In Region 6, shortwave-irradiance SWR variability is driven by the characteristic fog and low-level clouds in the Namib area (Andersen et al., 2019, 2020), and this cloudiness would produce some precipitation. Tx represents the cross-shore winds which plays an important role transporting nutrients from desert areas to the ocean surface, in the form of dust plumes linked to salt pans and dry river valleys in the Namib desert (Eckardt and Kuring, 2005). Windblown dust within the river valleys is easily transportable offshore from the Namib over the Benguela Upwelling System (Dansie et al., 2017c), containing great concentrations of bioavailable iron and enriched nitrogen and phosphorus, which may positively impact marine productivity in the southern Atlantic (Dansie et al., 2017a, b).

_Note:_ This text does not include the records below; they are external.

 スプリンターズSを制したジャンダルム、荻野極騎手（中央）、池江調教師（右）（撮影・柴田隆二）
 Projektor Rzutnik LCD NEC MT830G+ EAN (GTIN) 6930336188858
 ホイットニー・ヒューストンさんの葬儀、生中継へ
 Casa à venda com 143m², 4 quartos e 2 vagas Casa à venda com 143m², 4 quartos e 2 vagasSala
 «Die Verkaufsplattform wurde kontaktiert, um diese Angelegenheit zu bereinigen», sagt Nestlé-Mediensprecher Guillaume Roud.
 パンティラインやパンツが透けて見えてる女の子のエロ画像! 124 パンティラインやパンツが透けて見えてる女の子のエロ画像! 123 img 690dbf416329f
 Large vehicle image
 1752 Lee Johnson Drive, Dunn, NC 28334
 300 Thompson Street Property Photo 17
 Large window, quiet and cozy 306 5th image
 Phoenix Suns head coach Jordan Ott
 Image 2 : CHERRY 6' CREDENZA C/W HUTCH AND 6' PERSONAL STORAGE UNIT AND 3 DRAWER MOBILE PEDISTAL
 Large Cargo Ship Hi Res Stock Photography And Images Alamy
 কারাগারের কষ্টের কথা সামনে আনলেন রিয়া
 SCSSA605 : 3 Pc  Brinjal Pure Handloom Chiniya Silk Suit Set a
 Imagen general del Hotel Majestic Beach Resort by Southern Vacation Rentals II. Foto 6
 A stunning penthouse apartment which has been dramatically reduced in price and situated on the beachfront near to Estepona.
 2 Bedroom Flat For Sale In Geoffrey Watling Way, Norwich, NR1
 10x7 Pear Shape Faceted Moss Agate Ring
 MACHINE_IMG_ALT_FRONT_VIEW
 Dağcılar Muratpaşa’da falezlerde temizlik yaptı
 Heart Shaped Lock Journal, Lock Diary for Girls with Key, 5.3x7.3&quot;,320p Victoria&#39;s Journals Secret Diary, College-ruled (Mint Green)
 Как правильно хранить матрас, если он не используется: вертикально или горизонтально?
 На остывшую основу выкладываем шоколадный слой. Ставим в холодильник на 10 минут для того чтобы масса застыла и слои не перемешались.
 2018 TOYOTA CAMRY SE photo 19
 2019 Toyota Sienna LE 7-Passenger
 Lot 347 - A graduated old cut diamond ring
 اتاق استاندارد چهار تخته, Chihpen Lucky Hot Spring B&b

SST anomalies in the tropical Atlantic (TSA and TNA; Figures 5a–c) have a marked effect on the rainfall over northeastern Brazil (and the Amazon basin) through the modulation of the latitudinal position of the ITCZ (Nobre and Shukla, 1996; Hounsou-Gbo et al., 2019). The El Niño Southern Oscillation (ENSO) also has a significant effect on the rainfall in the western near-equatorial Atlantic; along the ENSO cycle (Figures 6a–c but for SOI < 0), the ascendant branch of the Pacific Walker cell shifts to the east and the Pacific-Atlantic cell shows enhanced subsidence over equatorial South America and the western Atlantic, causing a more stable atmosphere which reduces the moist convection (Rodriguez-Fonseca et al., 2023). Marine resources in the northwest African coast are well affected by the ENSO variability, for example, the El Niño has been used as a predictor of the sardinella population biomass and distribution in the central-southern portion of the Canary Current Upwelling System (López-Parages et al., 2020).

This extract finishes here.